Here’s where we really see the sting of the Law. The Creator and King of the universe has no fellowship with sin. Any sin, no matter how small, can separate us from God. The Apostle Paul says, “For sin is the sting that results in death, and the law gives sin its power.” (I Cor. 15:56 NLT). As is commonly quoted, “the wages of sin is death.” (Romans 6:23 NLT).
It’s really pretty simple. The Law defines sin, which in turn, produces death. Without grace, the outcome of the Judgment Seat is always death. We are dead in our sins. Rules and order and law always sound efficient and orderly; but the byproduct of making the Law your co-conspirator is always death.

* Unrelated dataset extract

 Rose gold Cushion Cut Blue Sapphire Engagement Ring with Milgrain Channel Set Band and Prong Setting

We said the purpose of the Law is instructional. That might be the grandest understatement in history. In fact, the Law is the most powerful educational tool ever created. It’s not that the Law teaches us right from wrong; we already know good and evil by nature. Paul writes to the churches of Galatia, “Therefore the Law has become our tutor to lead us to Christ,” (Galatians 3:24). In other words, when we stand “toe to toe” with the Law and understand its consequences, our eyes are opened and we clearly see our hopelessness before God. Our thoughts are immediately driven from judging those around us and for a moment, we see only our own shortcomings. It is at that point that we can see and believe the grace that has been afforded us in Christ Jesus. John 1:17 says, “For the Law was given through Moses; grace and truth were realized through Jesus Christ.” In Matthew 5:17, Jesus explains that He came not to abolish but to fulfill or complete the Law.

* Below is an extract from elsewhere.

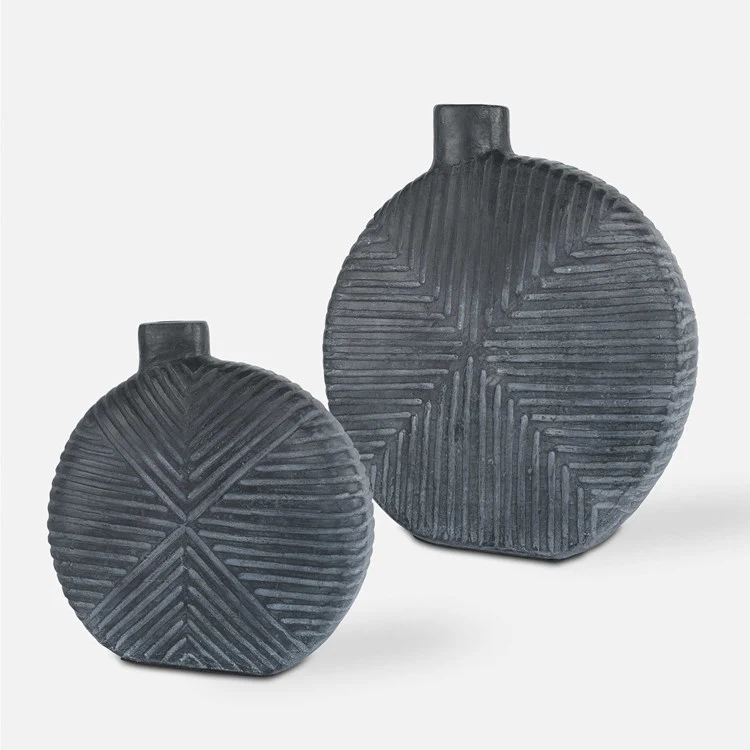 Uttermost Viewpoint Aged Black Contemporary Set of 2 Vases - Image 2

What then, is the real evidence of our salvation? The grace and mercy we extend to others is the only concrete expression of our thankfulness to God. We have been given understanding that our only hope is in Jesus. Grace and mercy saturate our lives. Grace emanates toward those with whom we interact. Grace flows between fellow believers; grace overtakes unbelievers we encounter. I’m thankful the Law came through Moses, but the Law is nothing but death to me, except that it taught me grace and truth are realized through Christ Jesus .
Still, we as individuals and groups of Christians continue to falter between the idea of communicating God’s anger or God’s grace. The redemption of Christ fulfills the Law, enabling us to stand by God’s grace. The Old Testament is typified by a hard and lonely Judgment Seat. However, Jesus sits upon a throne of grace and there’s no more welcoming place in the universe.
“For we do not have a high priest who cannot sympathize with our weaknesses, but One who has been tempted in all things as we are, yet without sin. Therefore let us draw near with confidence to the throne of grace, so that we may receive mercy and find grace to help in time of need.” (Hebrews 4:15-16).